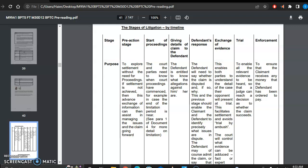The third stage is giving details of the claims to the defendant. The defendant should know what the claims against him are. So the defendant is entitled to know what allegations against him or her are.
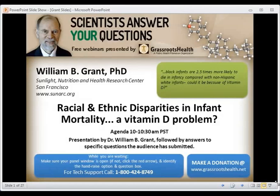Welcome everybody to this week's Scientists Answer Your Questions webinar presented by Grassroots Health. I'm Jen Aliano, Communications Director for Grassroots Health, and I'm very excited to be presenting today's topic: Racial and Ethnic Disparities in Infant Mortality — a Vitamin D Problem. Answering this question for us today is Dr. William Grant, one of our scientist panel members and the founding director of the Sunlight Nutrition and Health Research Center.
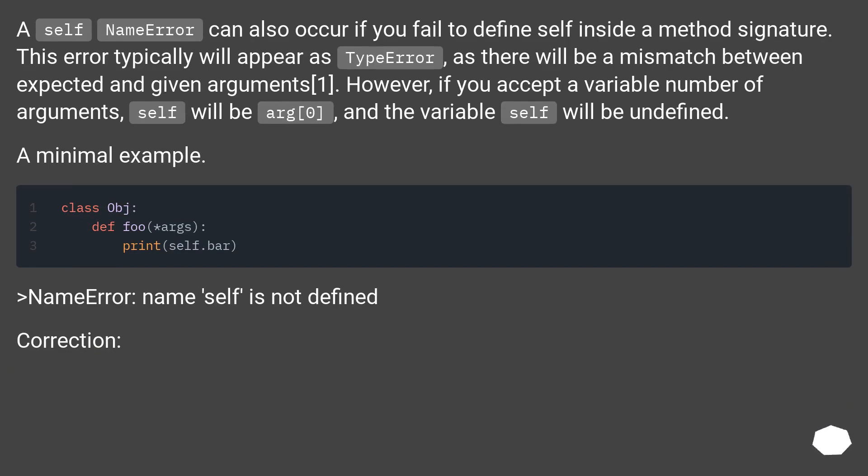A self NameError can also occur if you fail to define self inside a method signature. This error typically will appear as TypeError, as there will be a mismatch between expected and given arguments.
● ● ● ● ● ● ●
■ WHAT TO PRODUCE: Would you please retype the material above exactly and leave out each picture?

■ RESULT:
The third stage is giving details of the claims to the defendant. The defendant should know what the claims against him are. So the defendant is entitled to know what allegations against him or her are.
Welcome everybody to this week's Scientists Answer Your Questions webinar presented by Grassroots Health. I'm Jen Aliano, Communications Director for Grassroots Health, and I'm very excited to be presenting today's topic: Racial and Ethnic Disparities in Infant Mortality — a Vitamin D Problem. Answering this question for us today is Dr. William Grant, one of our scientist panel members and the founding director of the Sunlight Nutrition and Health Research Center.
A self NameError can also occur if you fail to define self inside a method signature. This error typically will appear as TypeError, as there will be a mismatch between expected and given arguments.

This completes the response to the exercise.